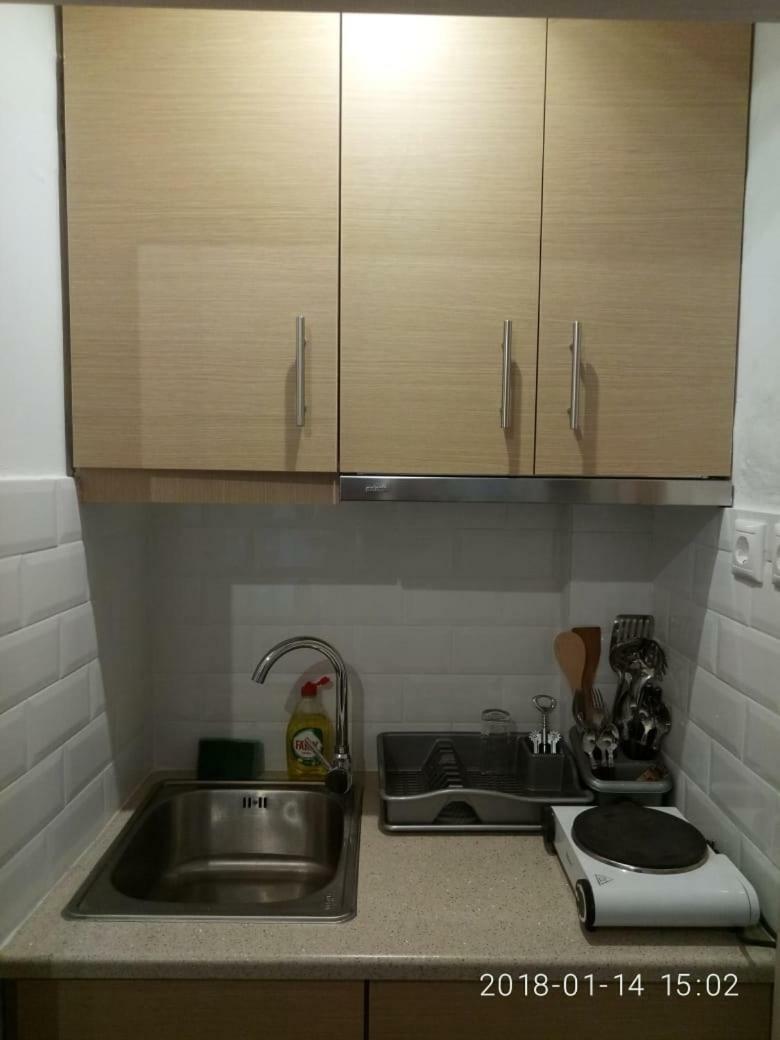 Modern, Ideally Located Studio Apartment アテネ エクステリア 写真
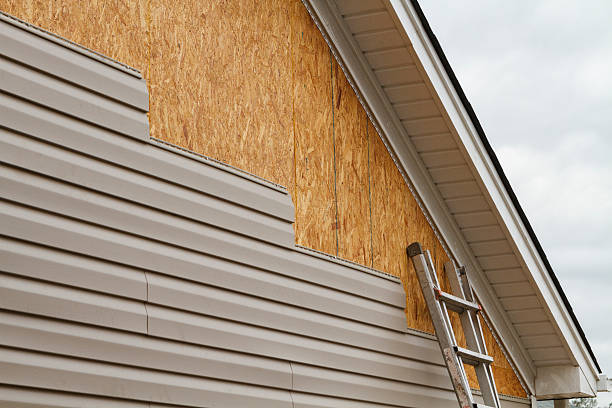 24/7 Emergency Vinyl Siding experts in Maple Heights, OH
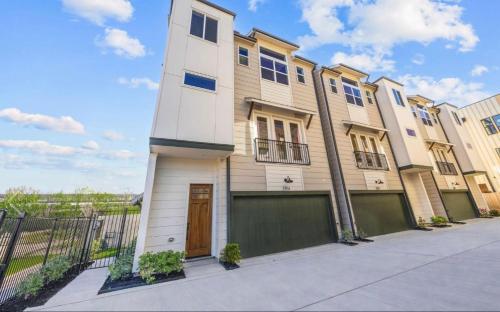 Modern Retreat, 3 minutes from downtown in Houston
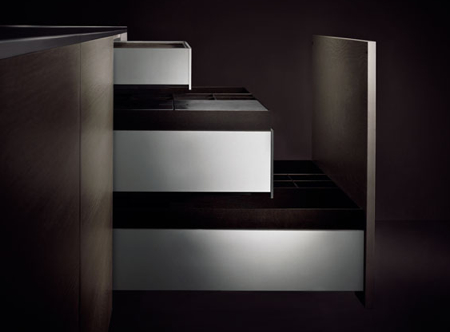 High  Kitchen Design on More Information On The Kitchen Poggenpohl     Porsche Design P7340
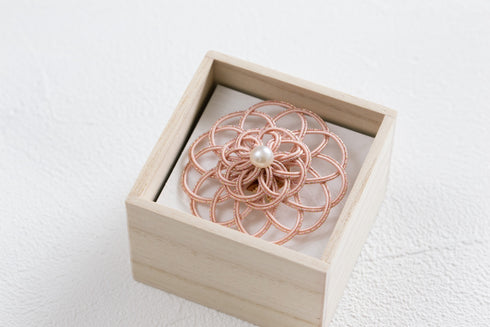 花ダーラのブローチ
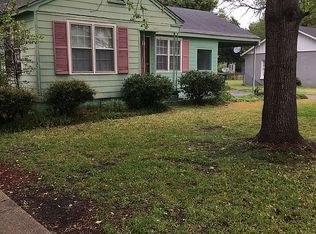 404 Cherokee Rd, Greenwood, MS 38930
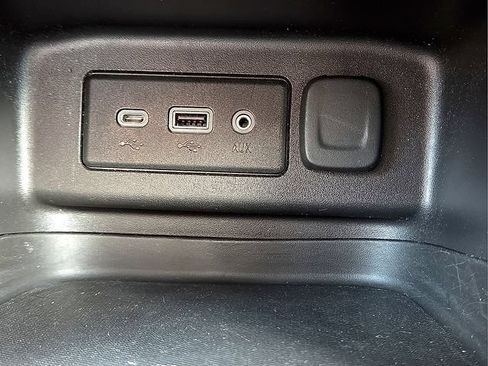 Used 2024 Chevrolet Equinox LT AWD/4WD image 21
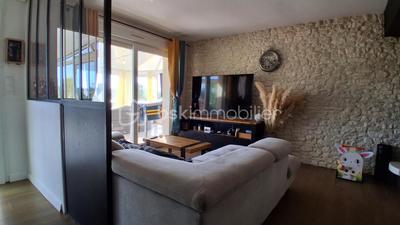 Maison - 93 m² - 5 pièces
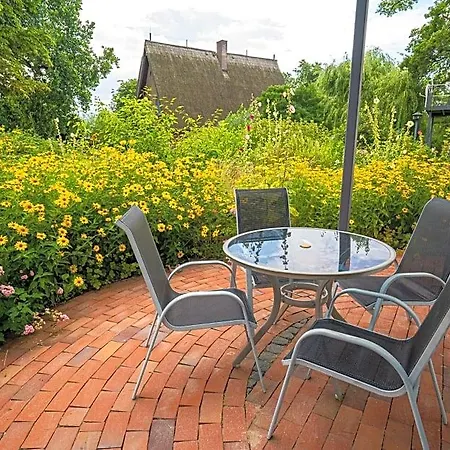 Ruegenschmiede Vis A Vis Hiddensee Szálloda 3*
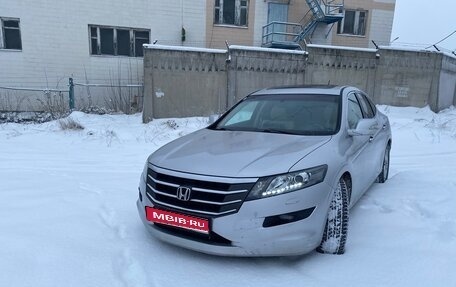 Honda Crosstour I рестайлинг, 2010 год, 1 450 000 рублей, 1 фотография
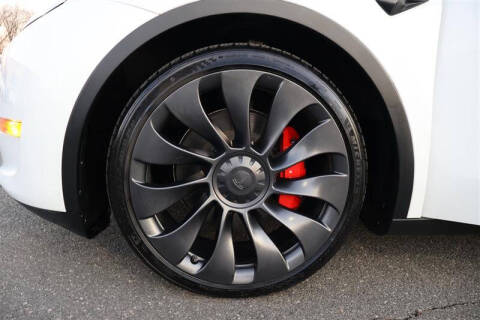 2023 Tesla Model Y Performance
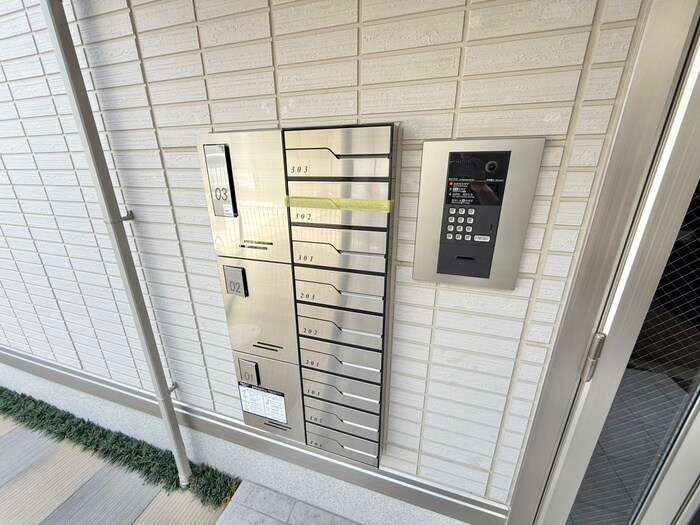 物件外観写真4　(建物設備)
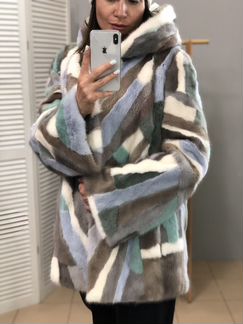 Шубка норковая с капюшоном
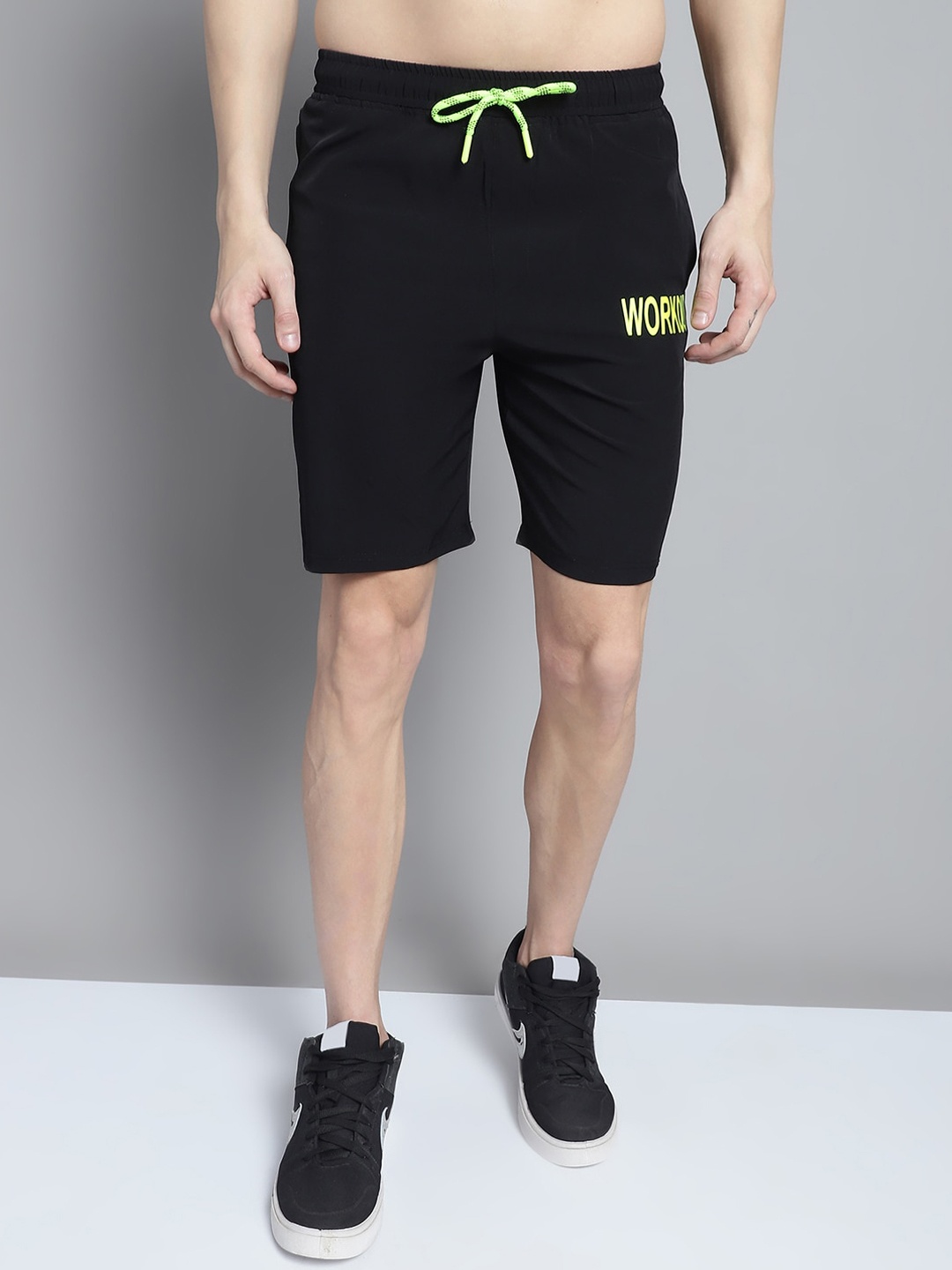 

9ty3ree Men Mid Rise Sports Shorts, Black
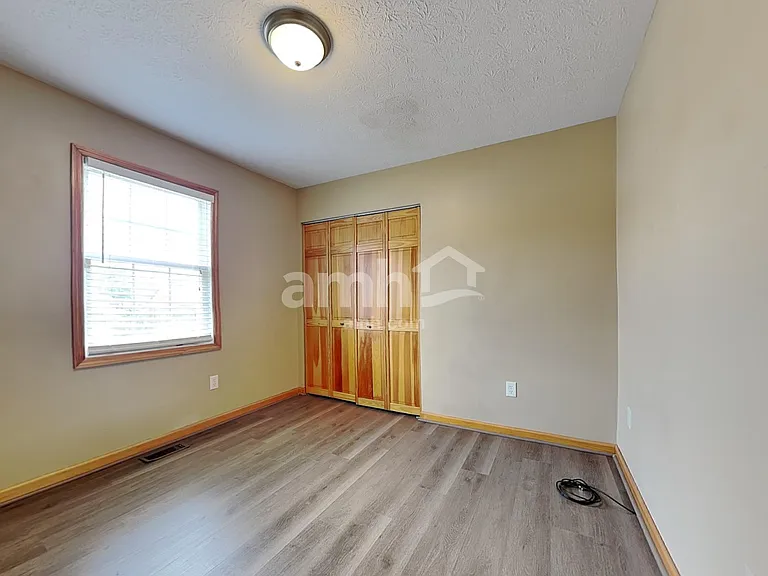 715 Justin Ct — Photo 17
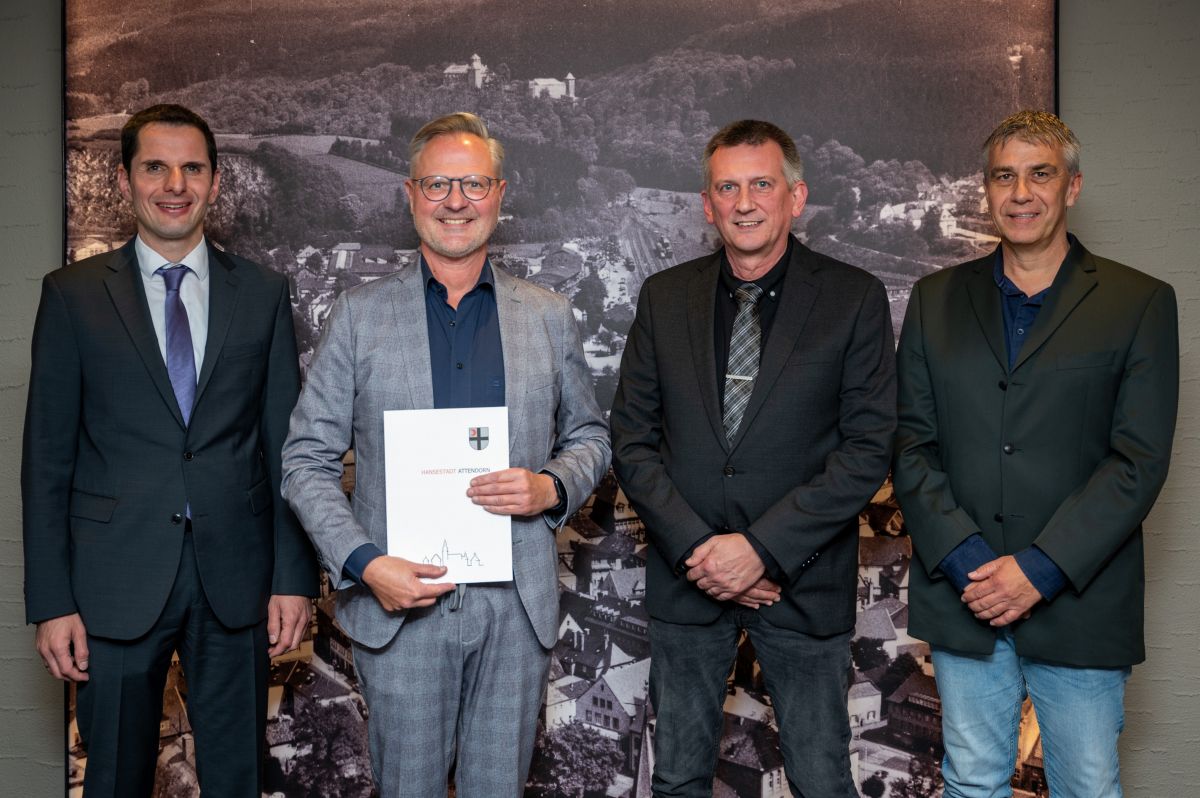 Die Dienstjubilare für 40 Jahre. von privat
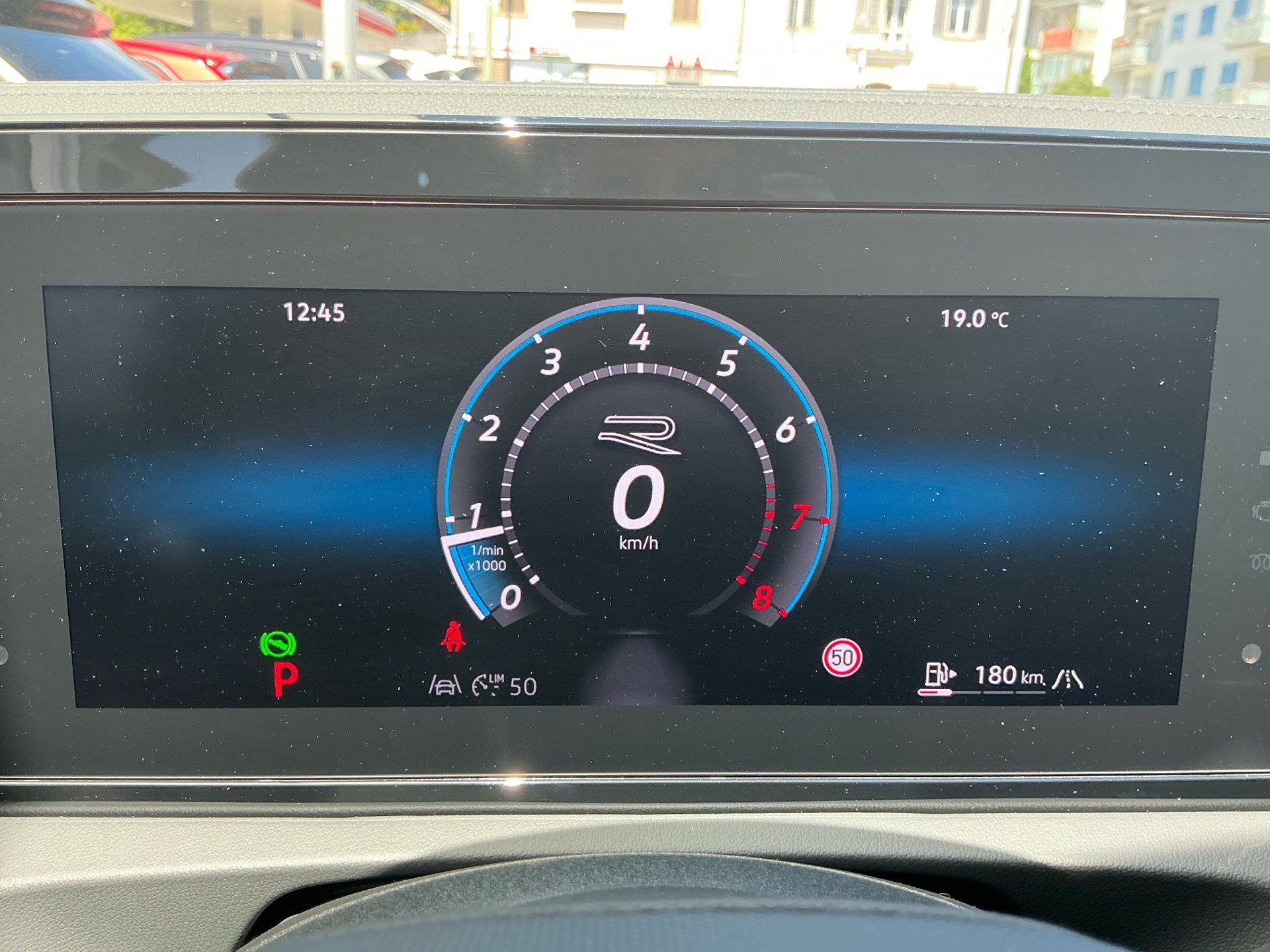 VW Tiguan 2.0 TSI 265 PS 4MOTION R-LINE *** ANHÄNGEKUPPLUNG ***-image-11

####

◆ **What the task requires**:
Each line from the one with "24/7 Emergency Vinyl" to the end of the material needs to be output word for word, with no picture included.

◆ **Task answer**:
 24/7 Emergency Vinyl Siding experts in Maple Heights, OH
 Modern Retreat, 3 minutes from downtown in Houston
 High  Kitchen Design on More Information On The Kitchen Poggenpohl     Porsche Design P7340
 花ダーラのブローチ
 404 Cherokee Rd, Greenwood, MS 38930
 Used 2024 Chevrolet Equinox LT AWD/4WD image 21
 Maison - 93 m² - 5 pièces
 Ruegenschmiede Vis A Vis Hiddensee Szálloda 3*
 Honda Crosstour I рестайлинг, 2010 год, 1 450 000 рублей, 1 фотография
 2023 Tesla Model Y Performance
 物件外観写真4　(建物設備)
 Шубка норковая с капюшоном

9ty3ree Men Mid Rise Sports Shorts, Black
 715 Justin Ct — Photo 17
 Die Dienstjubilare für 40 Jahre. von privat
 VW Tiguan 2.0 TSI 265 PS 4MOTION R-LINE *** ANHÄNGEKUPPLUNG ***-image-11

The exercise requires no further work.